Answer
To prove the limit, prove that given $\epsilon\gt0$ there exists a $\delta\gt0$ such that for all $x$ $$0\lt|x-9|\lt\delta\Rightarrow|f(x)-2|\lt\epsilon$$
Work Step by Step
$$\lim_{x\to9}\sqrt{x-5}=2$$
Our job is to prove that given $\epsilon\gt0$ there exists a $\delta\gt0$ such that for all $x$ $$0\lt|x-9|\lt\delta\Rightarrow|f(x)-2|\lt\epsilon$$
1) Solve the inequality $|f(x)-2|\lt\epsilon$ to find an open interval containing $x=9$ on which the inequality holds for all $x\ne9$
$$|f(x)-2|\lt\epsilon$$ $$|\sqrt{x-5}-2|\lt\epsilon$$ $$-\epsilon\lt\sqrt{x-5}-2\lt\epsilon$$ $$2-\epsilon\lt\sqrt{x-5}\lt2+\epsilon$$
Square all sides: $$(2-\epsilon)^2\lt x-5\lt(2+\epsilon)^2$$ $$4-4\epsilon+\epsilon^2\lt x-5\lt4+4\epsilon+\epsilon^2$$ $$9-4\epsilon+\epsilon^2\lt x\lt 9+4\epsilon+\epsilon^2$$
So the open interval on which the inequality holds is $( 9-4\epsilon+\epsilon^2, 9+4\epsilon+\epsilon^2)$.

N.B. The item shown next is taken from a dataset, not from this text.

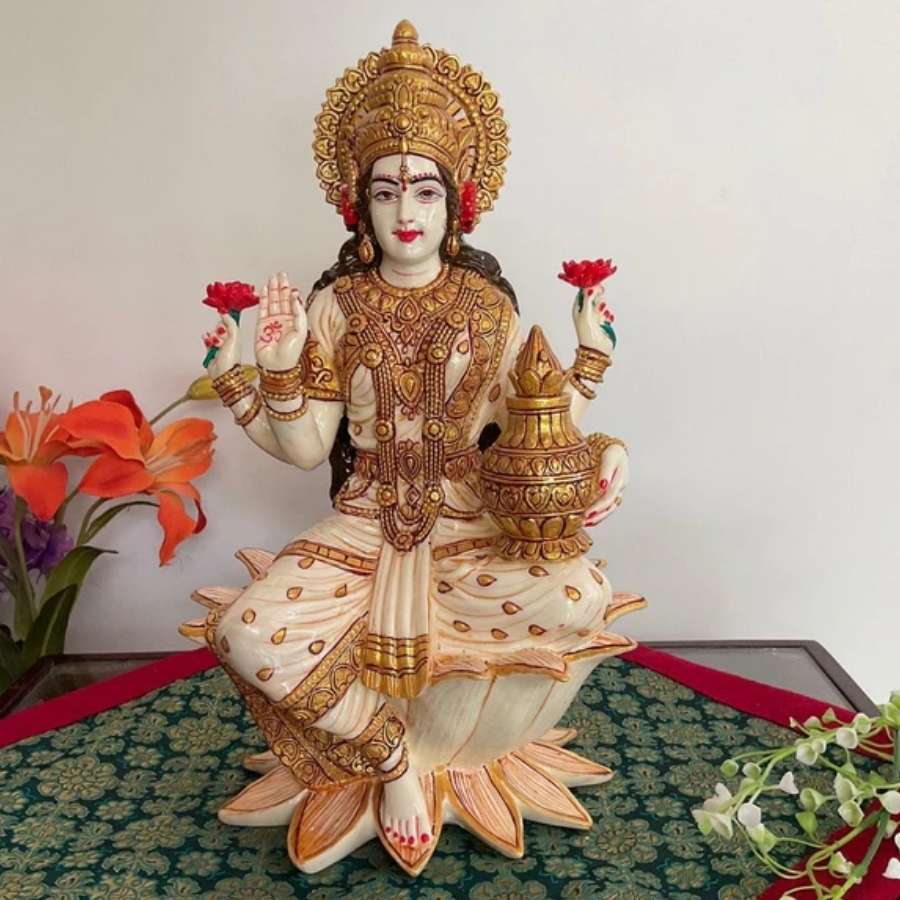 তাই কোজাগরী লক্ষ্মীপুজোর দিন রাত জাগার রীতি আছে, যাতে দেবী এসে ডাকলে দরজা খোলা পান। সনাতন ধর্মে বিশ্বাস করা হয় কোজাগরী লক্ষ্মীপুজোর দিন যাঁরা রাত জেগে দেবী লক্ষ্মীর আরাধনা করেন দেবী তাঁদের দুই হাত ভরে আশীর্বাদ করেন। তাই এই দিনটির এমন নাম এবং এ দিন রাত জাগার প্রচলন আছে।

2) Find a value of $\delta\gt0$ that places the centered interval $(9-\delta,9+\delta)$ inside the interval $( 9-4\epsilon+\epsilon^2, 9+4\epsilon+\epsilon^2)$
Take $\delta$ to be the distance from $9$ to the nearer endpoint of $( 9-4\epsilon+\epsilon^2, 9+4\epsilon+\epsilon^2)$. In other words, $\delta=\min(9-(9-4\epsilon+\epsilon^2),(9+4\epsilon+\epsilon^2)-9)=\min(4\epsilon-\epsilon^2,4\epsilon+\epsilon^2)$
So if $\delta$ has this or any smaller positive value, then the constraint $0\lt|x-9|\lt\delta$ will automatically place $x$ between $9-4\epsilon+\epsilon^2$ and $9+4\epsilon+\epsilon^2$ so that $|f(x)-2|\lt\epsilon$.
That means for all $x$, $$0\lt|x-9|\lt\delta\Rightarrow|f(x)-2|\lt\epsilon$$
This completes our proof.